**EXERCISE DATA**.
= Beginning of Section =

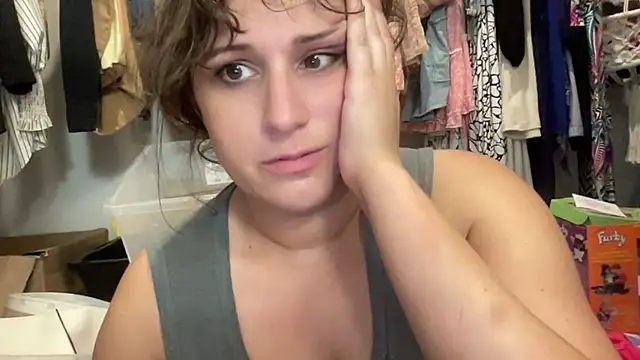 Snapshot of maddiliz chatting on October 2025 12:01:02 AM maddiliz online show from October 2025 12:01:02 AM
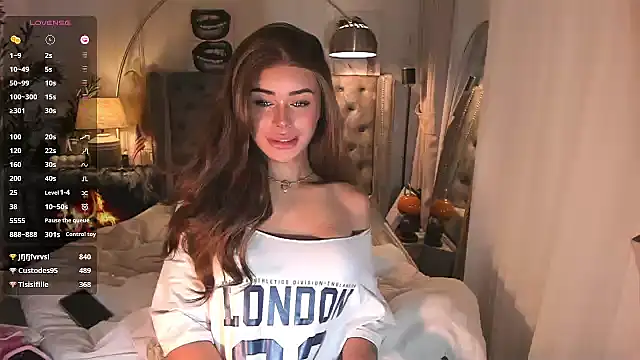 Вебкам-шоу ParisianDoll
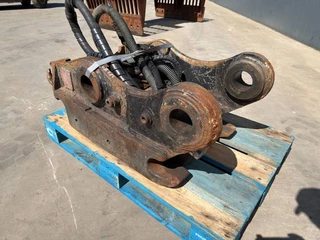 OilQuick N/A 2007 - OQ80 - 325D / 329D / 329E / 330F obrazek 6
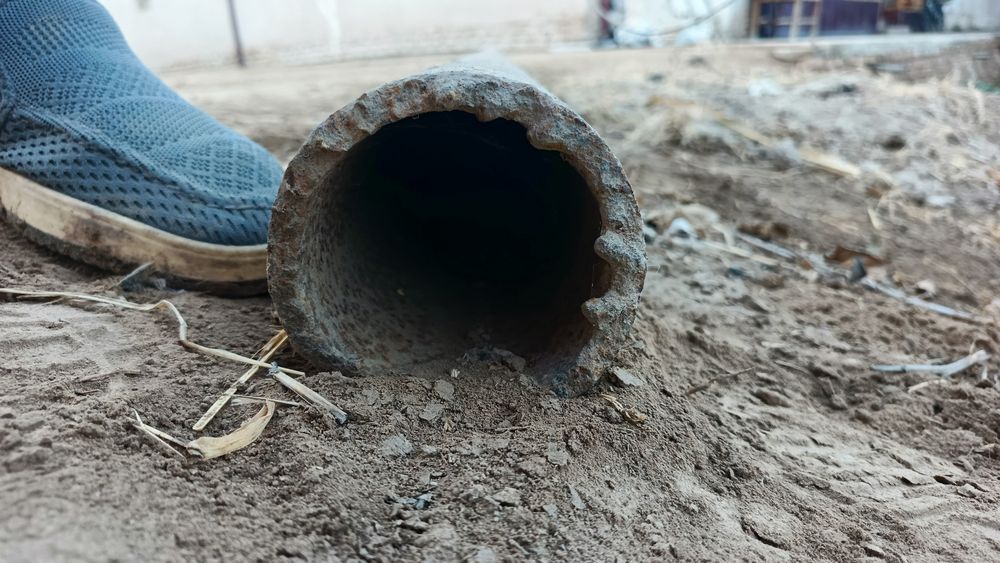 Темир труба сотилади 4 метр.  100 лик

= End of Section =
= Beginning of Section =

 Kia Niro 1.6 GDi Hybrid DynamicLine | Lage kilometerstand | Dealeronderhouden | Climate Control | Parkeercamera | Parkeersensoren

= End of Section =

**THE PROBLEM**.
Going back to the data above, write out everything from the line with "Snapshot of maddiliz" down to the line with "Темир труба сотилади", both included, leaving every picture out.

**RESPONSE AREA**.
 Snapshot of maddiliz chatting on October 2025 12:01:02 AM maddiliz online show from October 2025 12:01:02 AM
 Вебкам-шоу ParisianDoll
 OilQuick N/A 2007 - OQ80 - 325D / 329D / 329E / 330F obrazek 6
 Темир труба сотилади 4 метр.  100 лик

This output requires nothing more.